◆ **Prompt**:
Beginning with the line that holds "TCL L32F1600 D32E167灯条32HR331M08A4" and ending with the last line, please repeat the entries exactly and omit the pictures.

::::

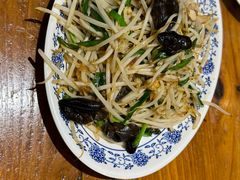 -老天桥酱肉烧饼夹肘子(天桥店)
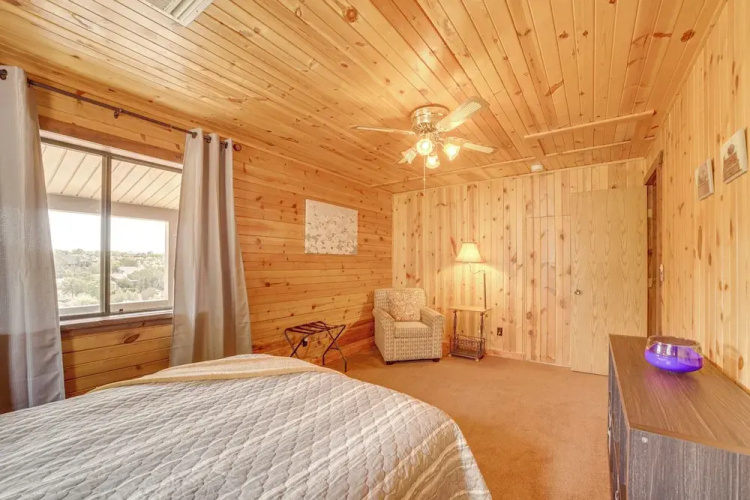 Mtn & Golf Course Views: Payson Retreat!
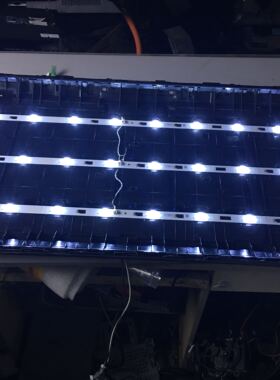 TCL L32F1600 D32E167灯条32HR331M08A4 V0 V1 4C-LB3208-HQ4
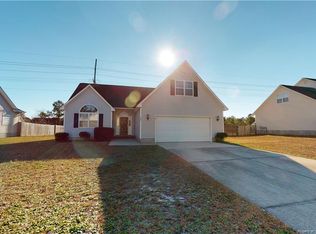 563 Cypress Pond Dr, Hope Mills, NC 28348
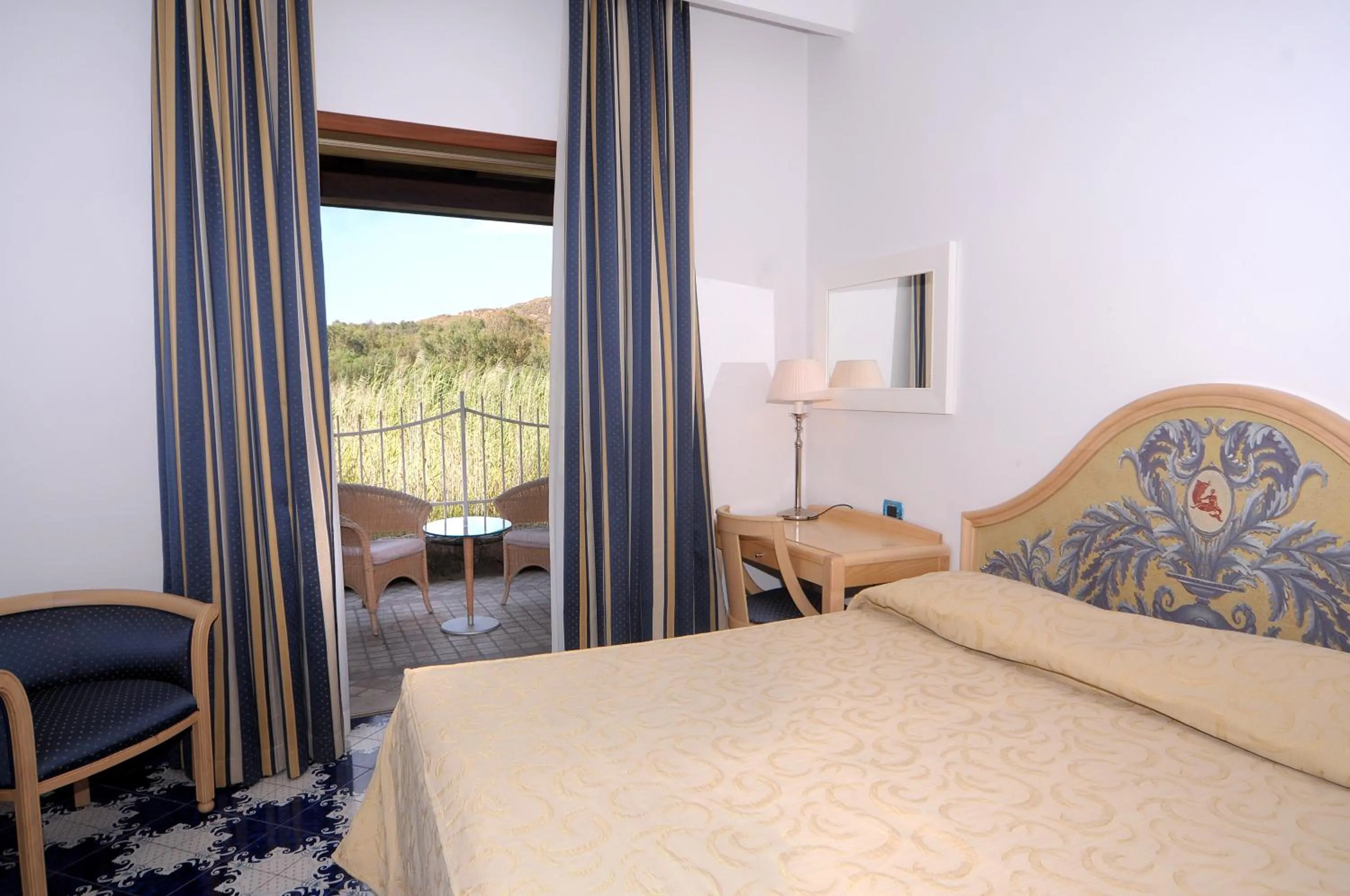 Balcony/Terrace, Bed in Hotel Eros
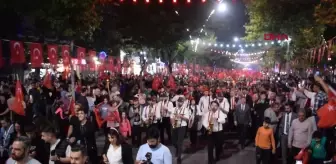 Batman'da Fener Alayı ve Bayrak Yürüyüşü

::::

◆ **Solution to this task**:
 TCL L32F1600 D32E167灯条32HR331M08A4 V0 V1 4C-LB3208-HQ4
 563 Cypress Pond Dr, Hope Mills, NC 28348
 Balcony/Terrace, Bed in Hotel Eros
 Batman'da Fener Alayı ve Bayrak Yürüyüşü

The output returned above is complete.